For my money, project management systems (however that looks for you) are at their best and most powerful when they're helping you make choices. Pick up any book about habit building, or productivity, or self-help book, or blog, and they'll tell you the same thing:
Making decisions is tiring on your brain. And the more decisions you make in a day, the more likely you are to have trouble making decisions by the end of it. And one consequence of that mental fatigue is that it becomes much harder to exercise self control.
As one study demonstrated:
A nearby department store was holding a going-out-of-business sale, so researchers from the lab went off to fill their car trunks with simple products — not exactly wedding-quality gifts, but sufficiently appealing to interest college students. When they came to the lab, the students were told they would get to keep one item at the end of the experiment, but first they had to make a series of choices. Would they prefer a pen or a candle? A vanilla-scented candle or an almond-scented one? A candle or a T-shirt? A black T-shirt or a red T-shirt? A control group, meanwhile — let’s call them the nondeciders — spent an equally long period contemplating all these same products without having to make any choices. They were asked just to give their opinion of each product and report how often they had used such a product in the last six months.
Afterward, all the participants were given one of the classic tests of self-control: holding your hand in ice water for as long as you can. The impulse is to pull your hand out, so self-discipline is needed to keep the hand underwater. The deciders gave up much faster; they lasted 28 seconds, less than half the 67-second average of the nondeciders. Making all those choices had apparently sapped their willpower, and it wasn’t an isolated effect. It was confirmed in other experiments testing students after they went through exercises like choosing courses from the college catalog. - NYTimes "Do You Suffer From Decision Fatigue?"
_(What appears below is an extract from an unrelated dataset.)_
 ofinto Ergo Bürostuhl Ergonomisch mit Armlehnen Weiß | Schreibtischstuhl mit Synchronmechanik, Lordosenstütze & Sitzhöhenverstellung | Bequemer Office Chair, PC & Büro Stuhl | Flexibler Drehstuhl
So, the research suggests - by the end of the day, it's not just harder to make decisions after you make a lot of them, it's actually harder to exhibit self-control. In our context, it looks a little something like this:
You sit down at your desk, and decide what to start on. You decide which emails to respond to, which articles to read, what format to take your notes on, whether to open up Twitter, what to write, what to eat for lunch......and then it's the end of the day.
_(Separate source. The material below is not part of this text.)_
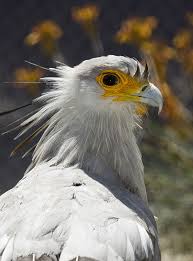 Birds Of A Feather Movie 2020 The Secretary Bird Is So Gorgeous It Could Easily Become A Character In A Pixar Movie In 2020 Bird Birds Of Prey Largest Bird Of Prey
So you collapse on your couch, and it's harder to will yourself to get back up to [do the rest of the things that you want to do, like go to the gym or make a healthy dinner]. It's harder to resist the lure of a new show to watch, or video games all night.
So, when you're thinking about designing the perfect project management system, spend a little time thinking about how it helps you make decisions.
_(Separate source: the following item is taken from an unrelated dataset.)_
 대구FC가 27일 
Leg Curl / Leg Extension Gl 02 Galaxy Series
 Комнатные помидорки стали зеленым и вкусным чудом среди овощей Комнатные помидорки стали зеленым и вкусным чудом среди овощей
Is it clear when you open it up what tasks are most important?
Does it allow you to quickly filter out less important/less urgent tasks so you aren't "tempted"?
Does it make it easier for you to categorize tasks in a way that makes decisions more clear?
We have to make an extraordinary amount of decisions every day - no project management system will erase that. But by knowing what decisions do to our brains (this is your brain on decisions!), we can set up systems to make it easier on ourselves. Maybe we work out in the morning or at lunch when our will power is a little higher. Maybe we make it easier to grab healthy snacks during an all day revising session so we 'don't default to the (awesome) choice of jelly beans and suffer the (less awesome) impact of pure sugar to the blood stream. And maybe we make sure that we have tools that help us take even a little of that decision making responsibility off our plates!